Content starts
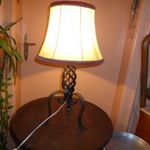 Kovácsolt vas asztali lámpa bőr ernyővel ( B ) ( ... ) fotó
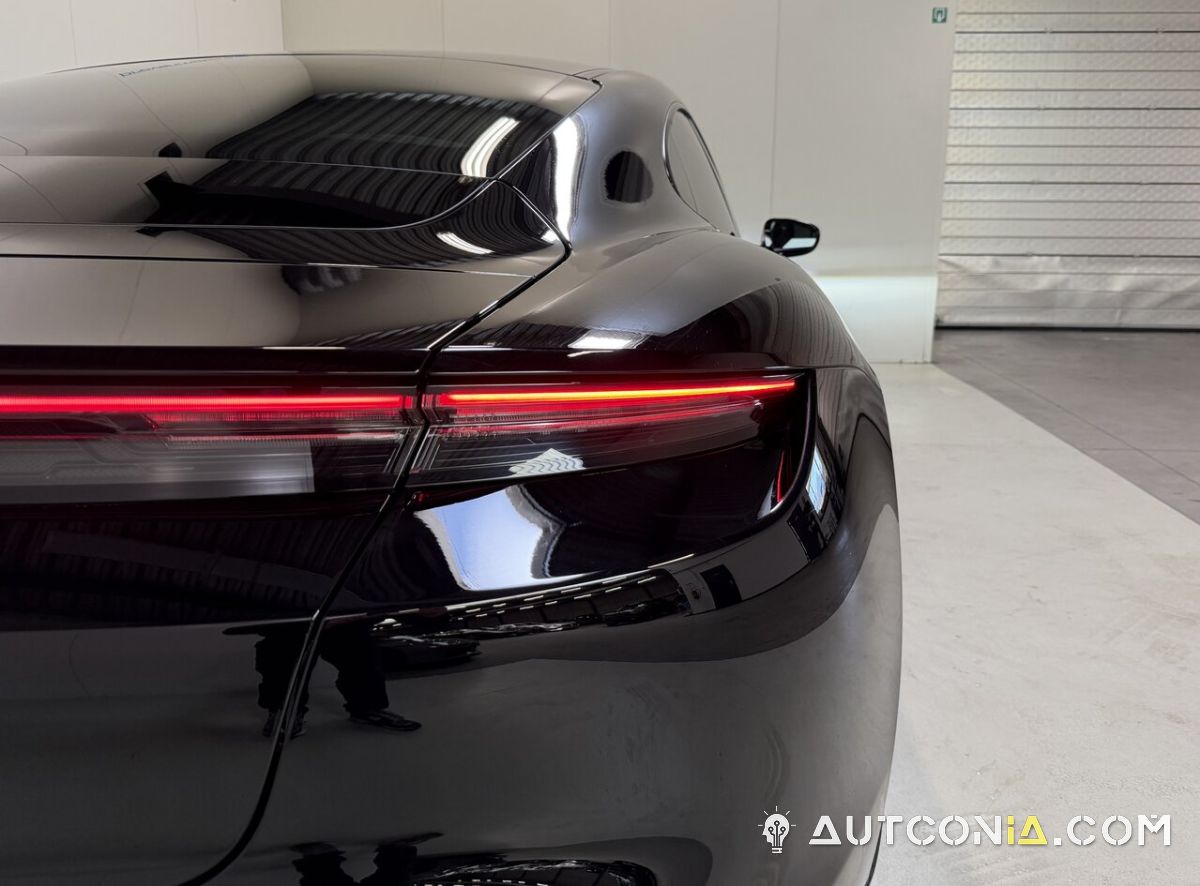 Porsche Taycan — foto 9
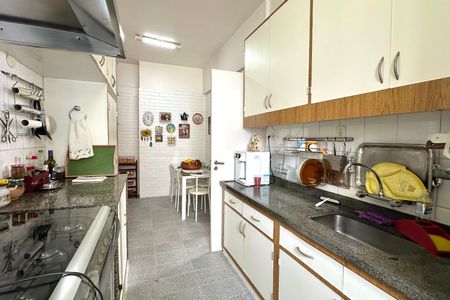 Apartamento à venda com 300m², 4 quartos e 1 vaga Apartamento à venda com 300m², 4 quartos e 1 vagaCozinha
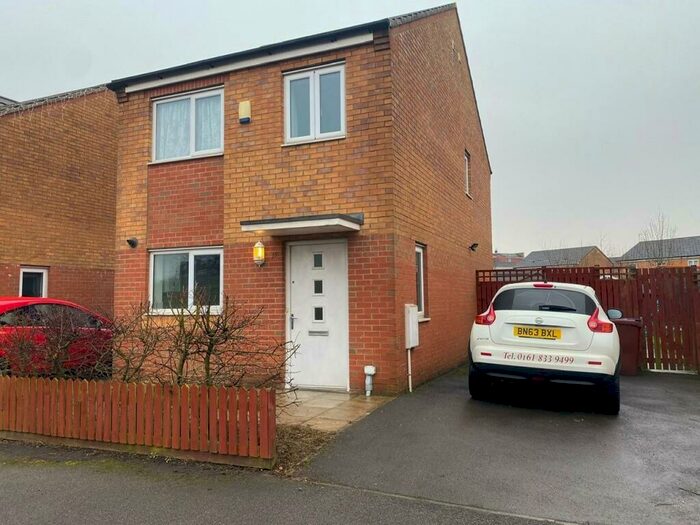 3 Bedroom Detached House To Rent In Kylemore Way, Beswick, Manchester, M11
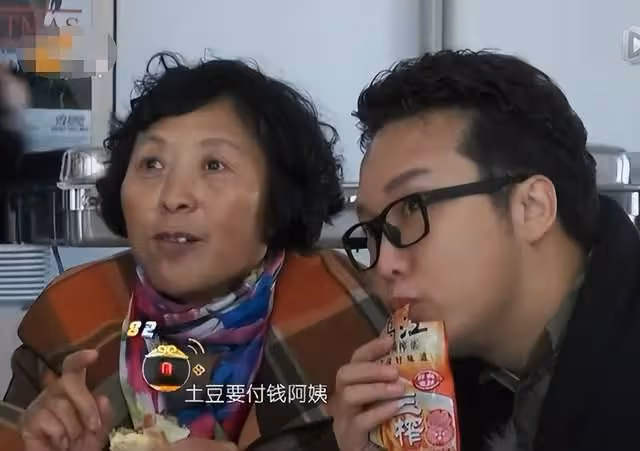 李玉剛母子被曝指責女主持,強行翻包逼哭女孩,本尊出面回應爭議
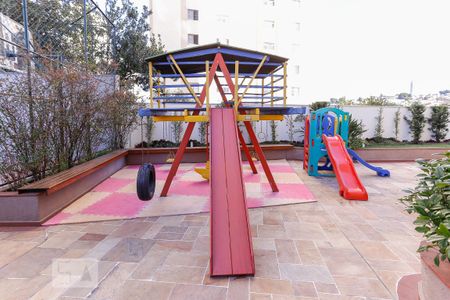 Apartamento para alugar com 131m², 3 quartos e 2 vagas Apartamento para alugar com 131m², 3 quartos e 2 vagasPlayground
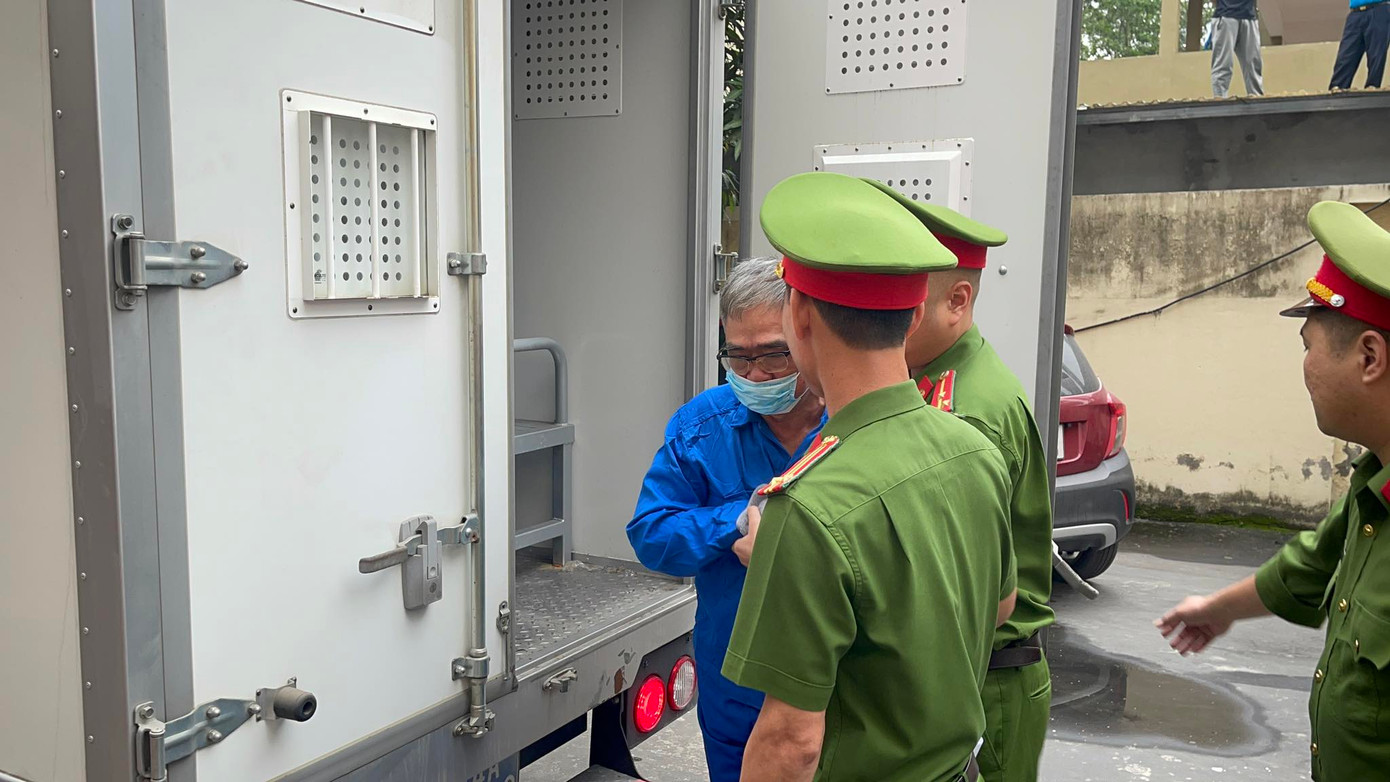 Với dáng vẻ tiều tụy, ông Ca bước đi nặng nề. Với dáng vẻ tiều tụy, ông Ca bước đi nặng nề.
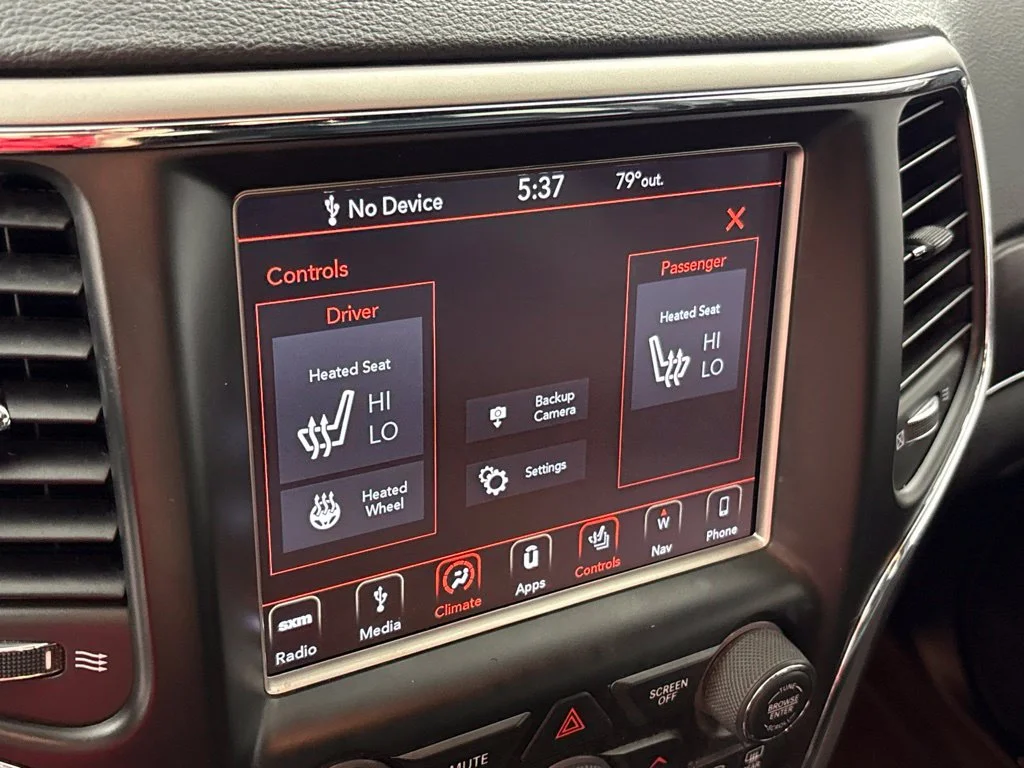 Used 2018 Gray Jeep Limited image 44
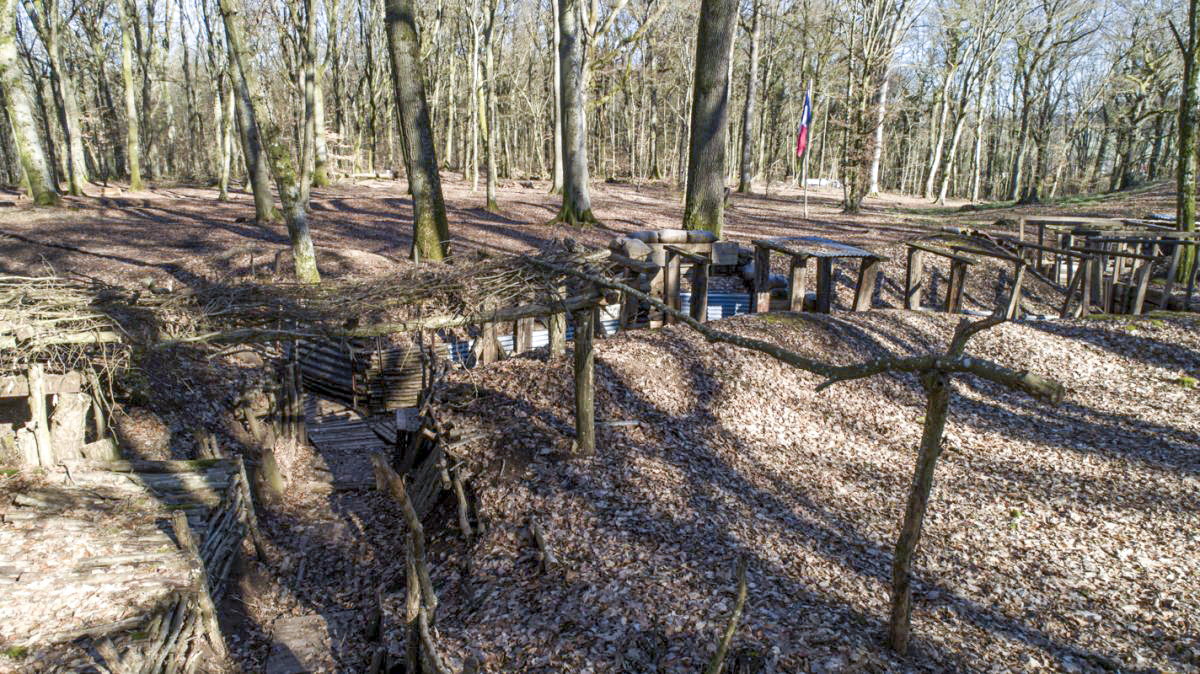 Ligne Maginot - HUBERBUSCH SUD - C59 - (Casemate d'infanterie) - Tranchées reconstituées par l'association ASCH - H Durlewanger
Content ends
■ WHAT TO WORK ON:
Make an exact copy of only those lines that run from the line with "3 Bedroom Detached" through the end of the records, excluding pictures.

■ WRITTEN RESPONSE:
 3 Bedroom Detached House To Rent In Kylemore Way, Beswick, Manchester, M11
 李玉剛母子被曝指責女主持,強行翻包逼哭女孩,本尊出面回應爭議
 Apartamento para alugar com 131m², 3 quartos e 2 vagas Apartamento para alugar com 131m², 3 quartos e 2 vagasPlayground
 Với dáng vẻ tiều tụy, ông Ca bước đi nặng nề. Với dáng vẻ tiều tụy, ông Ca bước đi nặng nề.
 Used 2018 Gray Jeep Limited image 44
 Ligne Maginot - HUBERBUSCH SUD - C59 - (Casemate d'infanterie) - Tranchées reconstituées par l'association ASCH - H Durlewanger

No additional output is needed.